Hackers linked to North Korea are targeting security researchers with an elaborate social-engineering campaign that sets up trusted relationships with them — and then infects their organizations’ systems with custom backdoor malware.

That’s according to Google’s Threat Analysis Group (TAG), which issued a warning late Monday about a campaign it has tracked over the last several months that uses various means to interact with and attack professionals working on vulnerability research and development at multiple organizations.

The effort includes attackers going so far as to set up their own research blog, multiple Twitter profiles and other social-media accounts in order to look like legitimate security researchers themselves, according to a blog post by TAG’s Adam Weidermann. Hackers first establish communications with researchers in a way that looks like they are credibly working on similar projects, then they ask them to collaborate, and eventually infect victims’ machines.

The infections are propagated either through a malicious backdoor in a Visual Studio Project or via an infected website, he wrote. And moreover, those infected were running fully patched and up-to-date Windows 10 and Chrome browser versions — a signal that hackers likely are using zero-day vulnerabilities in the campaign, the researcher concluded.

TAG attributed the threat actors to “a government-backed entity based in North Korea.”

“They’ve used these Twitter profiles for posting links to their blog, posting videos of their claimed exploits, and for amplifying and retweeting posts from other accounts that they control,” according to the post. “Their blog contains write-ups and analysis of vulnerabilities that have been publicly disclosed, including ‘guest’ posts from unwitting legitimate security researchers, likely in an attempt to build additional credibility with other security researchers.”

In addition to Twitter, threat actors also used other platforms, including LinkedIn, Telegram, Discord, Keybase and email to communicate with potential targets, Weidermann said. So far it seems that only security researchers working on Windows machines have been targeted.

Making Connections

Attackers initiate contact by asking a researcher if he or she wants to collaborate on vulnerability research together. Threat actors appear to be credible researchers in their own right because they have already posted videos of exploits they’ve worked on, including faking the success of a working exploit for an existing and recently patched Windows Defender vulnerability, CVE-2021-1647, on YouTube.
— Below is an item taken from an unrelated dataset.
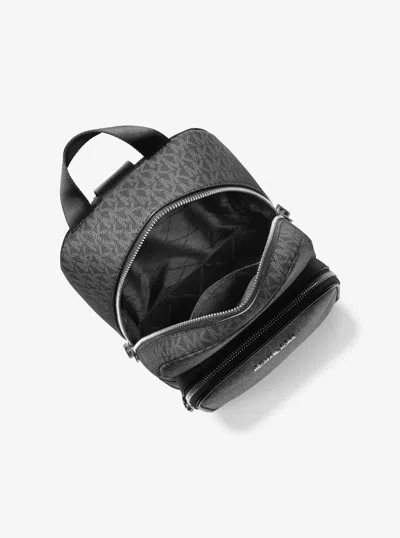 Michael Kors Outlet Cooper Logo Sling Pack In Black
The vulnerability received notoriety as one that has been exploited for the past three months and leveraged by hackers as part of the massive SolarWinds attack.

“In the video, they purported to show a successful working exploit that spawns a cmd.exe shell, but a careful review of the video shows the exploit is fake,” Weidermann explained.

If an unsuspecting targeted researcher agrees to collaborate, attackers then provide the researcher with a Visual Studio Project infected with malicious code. Several targets took to Twitter to describe their experiences.

“Within the Visual Studio Project would be source code for exploiting the vulnerability, as well as an additional DLL that would be executed through Visual Studio Build Events,” Weidermann wrote. “The DLL is custom malware that would immediately begin communicating with actor-controlled command-and-control (C2) domains.”

Victims also can be infected by following a Twitter link hosted on blog.br0vvnn[.]io to visit a threat actor’s blog, according to TAG. Accessing the link installs a malicious service on the researcher’s system that executes an in-memory backdoor that establishes a connection to an actor-owned C2 server, researchers discovered.

The TAG team so far could not confirm the mechanism of compromise, asking for help from the greater security community to identify and submit information through the Chrome Vulnerability Reward Program.

Researchers also did not specifically say what the likely motive was for the attacks; however, presumably the threat actors aim to uncover and steal vulnerabilities to use in North Korean advanced persistent threat (APT) campaigns.

Weidermann’s post includes a list of known accounts being used in the campaign, and he advised researchers who may have communicated with any of the accounts or visited related sites to review their systems for compromise.

“We hope this post will remind those in the security research community that they are targets to government-backed attackers and should remain vigilant when engaging with individuals they have not previously interacted with,” Weidermann wrote.